- Data provided -
_ _ _
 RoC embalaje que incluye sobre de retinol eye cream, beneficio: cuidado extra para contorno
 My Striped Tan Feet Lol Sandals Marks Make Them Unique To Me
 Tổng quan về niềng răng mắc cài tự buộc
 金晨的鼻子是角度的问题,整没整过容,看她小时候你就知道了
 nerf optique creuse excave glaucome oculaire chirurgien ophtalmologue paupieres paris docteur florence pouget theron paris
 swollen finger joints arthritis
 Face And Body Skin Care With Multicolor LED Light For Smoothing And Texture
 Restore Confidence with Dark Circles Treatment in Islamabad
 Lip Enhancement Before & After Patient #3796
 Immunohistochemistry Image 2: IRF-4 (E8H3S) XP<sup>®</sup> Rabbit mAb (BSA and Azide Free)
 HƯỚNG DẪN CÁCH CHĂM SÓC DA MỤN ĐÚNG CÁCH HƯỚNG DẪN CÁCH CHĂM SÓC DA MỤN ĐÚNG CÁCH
_ _ _
- Task goal -
From the data above, return every line from the line that has "nerf optique creuse" up to and including the line that has "Face And Body", exactly.

- Solution -
 nerf optique creuse excave glaucome oculaire chirurgien ophtalmologue paupieres paris docteur florence pouget theron paris
 swollen finger joints arthritis
 Face And Body Skin Care With Multicolor LED Light For Smoothing And Texture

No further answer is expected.